Thursday, May 7, 2009

Obama's Decision to Pray Privately Not Good Enough for Some

Cincinnati Enquirer columnist Peter Bronson is not that happy with President Obama in his latest blog post. Bronson's criticisms center around Obama's decision to "not take a White House role" in the National Day of Prayer. Instead, Obama decided that he would rather pray privately.

Why does this irk Bronson?:

Outside of attending the offensively radical church of the Rev. Jeremiah Wright, there was little evidence of Obama's faith, except what he told us. But since being elected, he broke with tradition by skipping church after his innauguration in favor of a workout; he still has not found a church home after attending a D.C. church on Easter; and he decided not to take a White House role in the National Day of Prayer, saying that instead he would pray privately.

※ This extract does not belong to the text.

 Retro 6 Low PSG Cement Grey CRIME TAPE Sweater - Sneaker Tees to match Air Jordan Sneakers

It looks like Obama spent more time in church campaigning than he has since he was elected.


Bronson readily admits that for many, this topic is meaningless and rightly so. After all, Obama was not elected to give us spiritual guidance, that is up to our own individual beliefs and how we wish to express them. Bronson however, disagrees that this topic lacks importance. He says that for people like him, faith is an important part of life and should be a "bedrock foundation for our leaders too".

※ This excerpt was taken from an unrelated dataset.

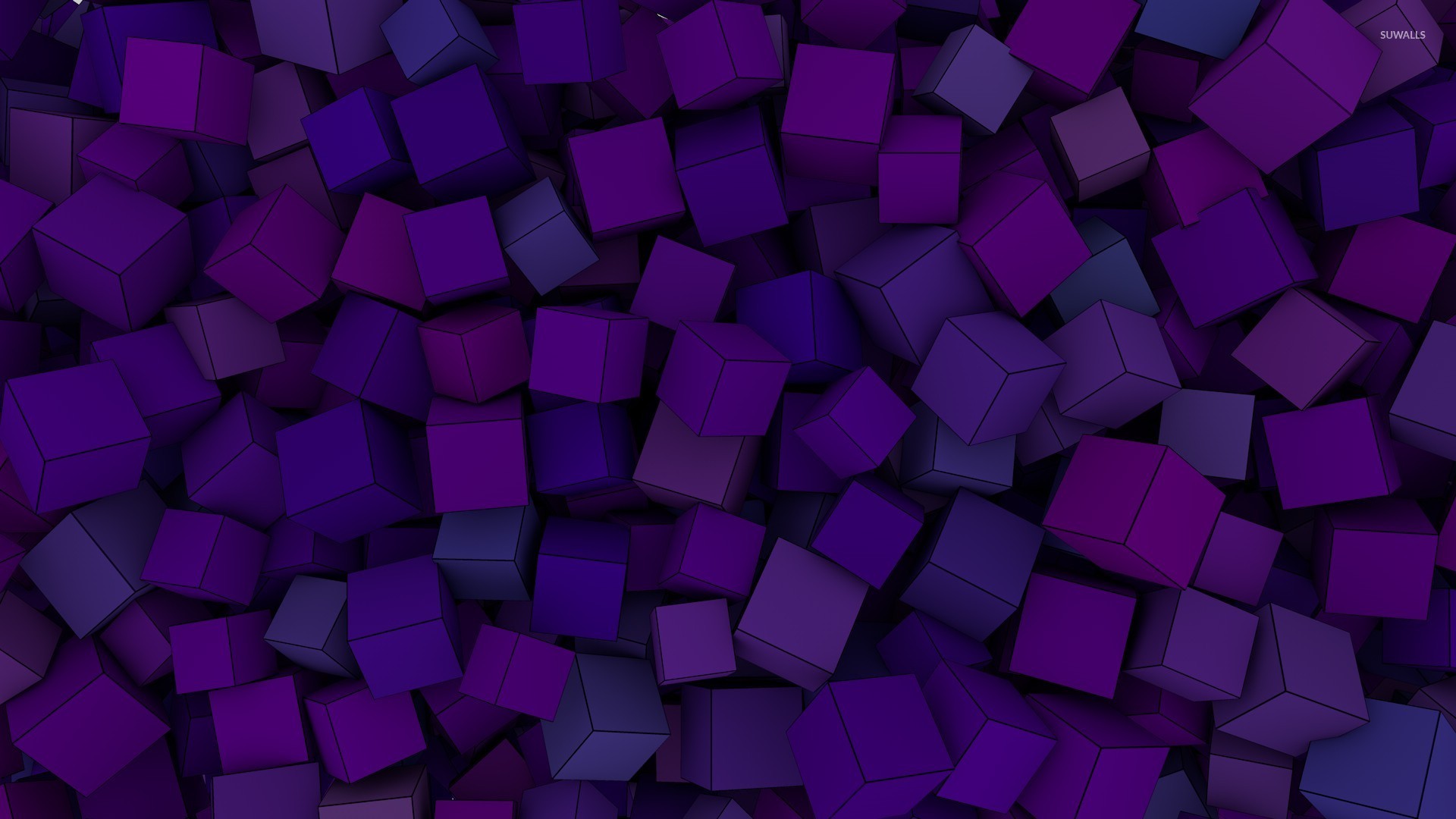 Purple 3d Cube - HD Wallpaper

Bronson goes on to claim that because our nation was founded by Christians, because the majority of those who are asked about religious preference prefer Christianity, and because most people choose Christianity, that we are a Christian nation. While this paragraph is apparently used to show us that he believes that Christianity is number one in his eyes, he mentions that Obama did not just insult Christians, but all people of faith.

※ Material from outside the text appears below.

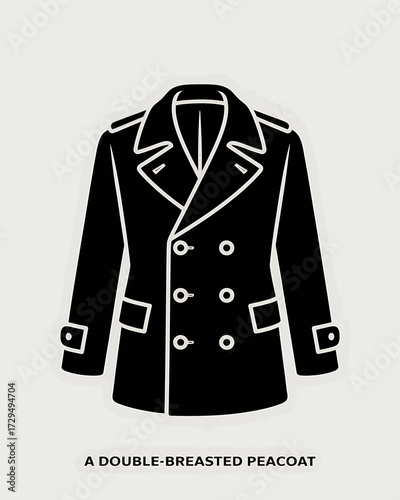Doublebreasted peacoat isolated on white background, a stylish outerwear icon'
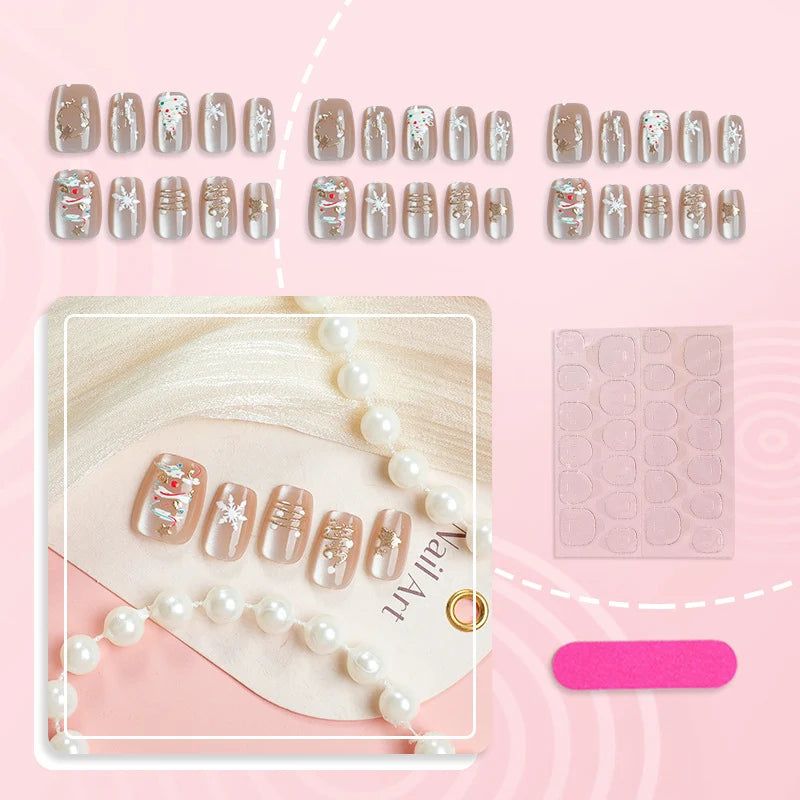 Press-On Nail Set Floral Art Includes Glue & File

Here are the reasons why Bronson believes that Obama made a mistake in not taking a more public role in the National Day of Prayer:


1.) He passed up an opportunity to reassure us all that he respects and shares our faith. Unfortunately, his decision will add fuel to criticism and suspicions that he's a merely political Christian, such as the comments by Rush Limbaugh to his radio audience.


By "our faith" I assume that Bronson means Christianity. If this is a day that celebrates all faiths, then why does Bronson feel that it is important for Obama to express that he shares a specific faith? It has been well-established that Obama is of the Christian faith (except to those who still think he is a closet Muslim), so why would anyone think Obama doesn't respect the religion to which he is a member? It seems as though the only people who are adding fuel to this fire are people like Bronson who continue to advance these claims.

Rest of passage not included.